Esta configuración de política económica lleva a que haya un tipo de cambio que está un 15 o un 20% por debajo del promedio de los últimos 30 años. Mientras haya una política económica con déficit fiscal alto, que se financia en el mercado, es difícil corregir el tipo de cambio de corto plazo. El debate es si vamos a tener que convivir con atraso cambiario real en los próximos 2 o 3 años. Si vamos a tener que discutir la competitividad sistémica, el tipo de cambio efectivo, ante un panorama en que no hay mejoras sustanciales del tipo de cambio real.
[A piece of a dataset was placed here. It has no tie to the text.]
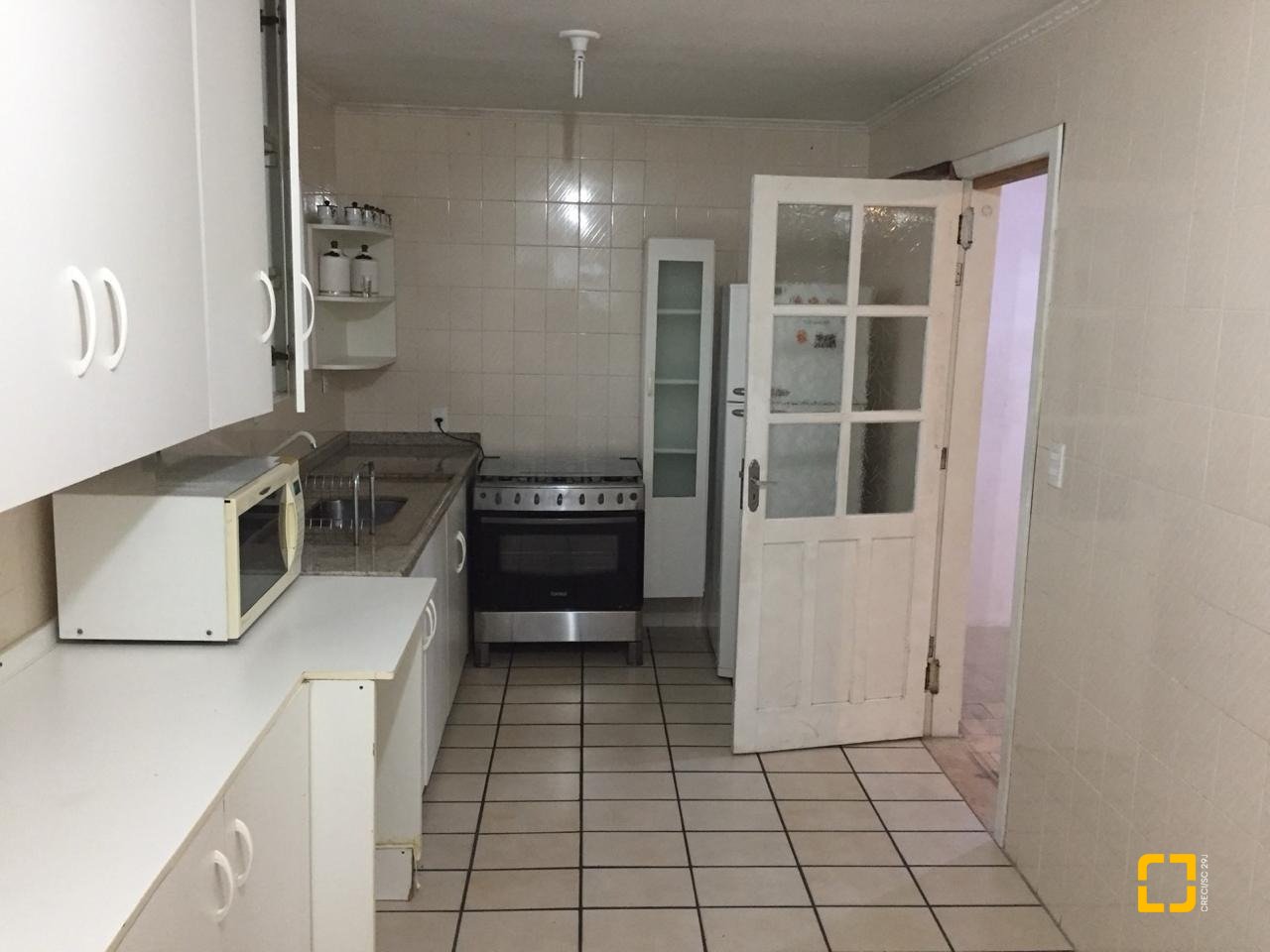 Casa com 153m², 7 quartos (sendo 2 suítes), 4 garagens, no bairro Trindade em Florianópolis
Las bases se están empezando a asentar. La duda es si estamos en una recuperación cíclica o si entramos a un crecimiento sostenido. El Gobierno encara reformas con las que busca garantizar el crecimiento sostenido, pero recién empieza. Depende de la gobernabilidad que vaya ganando, la resistencia a las reformas y los compromisos de inversión de los empresarios.